El comedor lleno y la cubeta vacía
Ocho y media de la mañana. El comedor está a tope: las dos islas rodeadas de gente, casi todas las mesas ocupadas y varios huéspedes de pie con el plato en la mano buscando dónde sentarse. En la entrada esperan doce personas. En la isla del centro hay una cubeta vacía desde hace rato, con el fondo a la vista. Nadie del personal ha podido ir por ella: están todos sirviendo café.
2 cámaras en 1 sectores
Así se le pide
«Avisame cuando haya más de diez personas esperando en la entrada o cuando el pasillo del buffet lleve cinco minutos sin poder pasar.»
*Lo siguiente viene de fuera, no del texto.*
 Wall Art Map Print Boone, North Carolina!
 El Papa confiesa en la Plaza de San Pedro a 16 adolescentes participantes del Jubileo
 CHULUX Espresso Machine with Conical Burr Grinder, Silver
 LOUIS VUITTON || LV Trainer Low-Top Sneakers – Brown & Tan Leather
Nadie reclama en el comedor. Se van, y a los tres días la mañana mala reaparece escrita en una reseña que habla de la fila y de las cubetas vacías, y la lee alguien que estaba por reservar. Puertas adentro, esa mañana no existe: sin incidencia, sin reporte, sin número. Queda una sensación —el jueves fue duro— y con una sensación no se cambia ni un horario ni un turno. Y el desayuno es lo único por lo que pasan todos los huéspedes.
Se decide una vez
Se decide una vez, con quien lleva el comedor al frente: cuántas personas esperando en la entrada ya son demasiadas, cuántos minutos de pasillo trabado se aguantan y a quién se avisa a esa hora, porque a las ocho y media no está el mismo equipo que a las diez. Después IRIS lo aplica cada mañana, de lunes a domingo, en plena temporada y un martes cualquiera de octubre. La regla no se olvida cuando cambia el turno ni cuando se va la persona que se acordaba de mirar hacia la puerta.
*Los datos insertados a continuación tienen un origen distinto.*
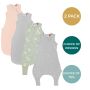 Pink & grey sleepbag and grey & woodland steppee on white background with 2 pack, choice of designs and tog roundels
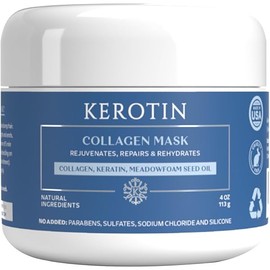 Kerotin Collagen Hair Mask - Hair Treatment Conditioner with Keratin, Collagen, and Vitamin E, Repair Damaged Hair, Prevent Breakage, and Control Frizz. Made in the USA (16 fl oz, 2 units)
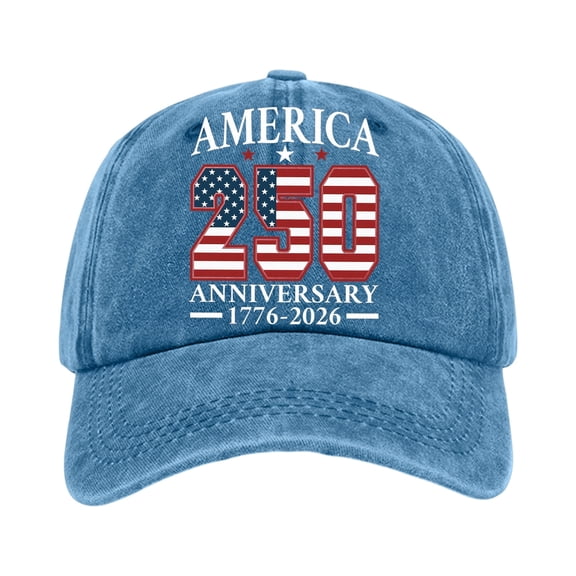 USA 250th Anniversary Hat 1776-2026 USA Patriotic Baseball Cap Adjustable Distressed Denim Cap Veteran Gift for Men Women,Light Blue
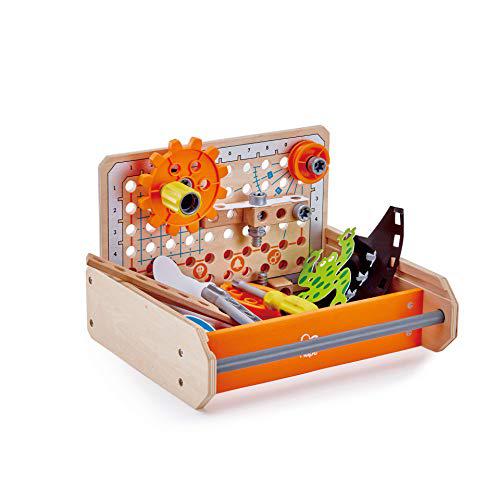 hape science experiment toolbox | colorful wooden 32 experiment kit, fun educational science kids toy set &a; know-how instruct
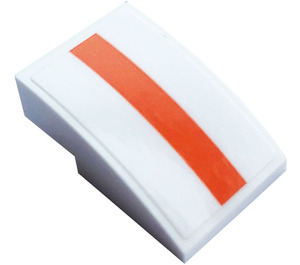 LEGO blanc Pente 2 x 3 Incurvé avec Orange Stripe Autocollant (24309)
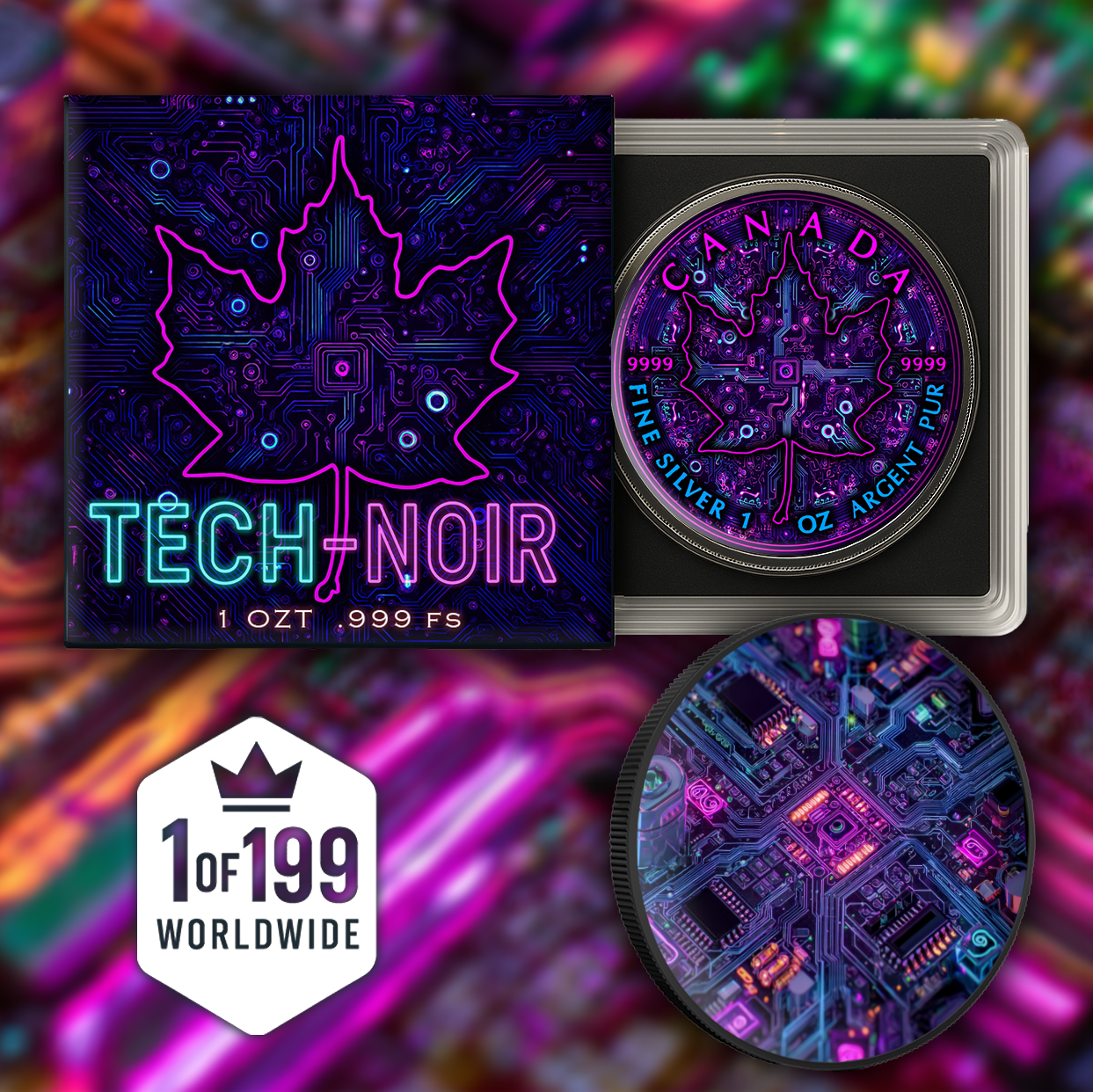 2025 Canada Maple Colorized Tech Noir .9999 Silver Coin - Captain’s Chest Bullion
Todos los huéspedes bajan a desayunar, y bajan en la misma franja de dos horas. Da lo mismo cuántas mesas tenga el comedor: si medio hotel coincide, el comedor se llena. Y cuando se llena, se llenan tres cosas a la vez que nadie puede mirar al mismo tiempo: la entrada, el pasillo entre las islas y las cubetas.
El personal lo sabe, y lo sabe tarde. Está sirviendo café de espaldas a la puerta, o reponiendo una isla mientras la otra se seca. Cuando alguien levanta la cabeza ya hay doce personas paradas y un huésped mirando el fondo de una cubeta. No falló nadie: en veinte minutos hay cuatro cosas que hacer y desde donde uno está solo se ven dos.
IRIS mira el comedor completo, que es la parte que ninguna persona puede hacer. Cuánta gente espera en la entrada. Si el pasillo del buffet está trabado y desde cuándo. Si una cubeta lleva minutos vacía con gente enfrente. Y avisa mientras todavía hay algo que hacer, no cuando el salón se vació solo.
Después queda el dato, que es lo que ningún reporte recoge: a qué hora exacta se llena el desayuno cada día del año. Ahí es donde se ve que el problema no siempre es que falte personal, sino que está todo en el mismo punto —dos personas en la isla de la fruta mientras la entrada crece—. Mover a alguien tres metros sale gratis. Y el día que de verdad haga falta una persona más, se pide enseñando la hora y los días, no la sensación.
Qué cambia
La mala mañana se sabía leyendo la reseña, o por un comentario en recepción a la hora del check-out. Ahora el aviso llega mientras la fila todavía es de diez personas y se puede mover a alguien, abrir la segunda máquina de café o sacar la cubeta que falta. Y a fin de mes queda la curva real del desayuno, hora por hora, en vez de la memoria de las tres mañanas que se quedaron grabadas.
Dónde lo hemos visto

CAM-498El comedor está lleno y la fila no pasa del atril
«Avisame cuando haya más de diez personas esperando en el atril o cuando el pasillo del buffet lleve cinco minutos sin poder pasar.»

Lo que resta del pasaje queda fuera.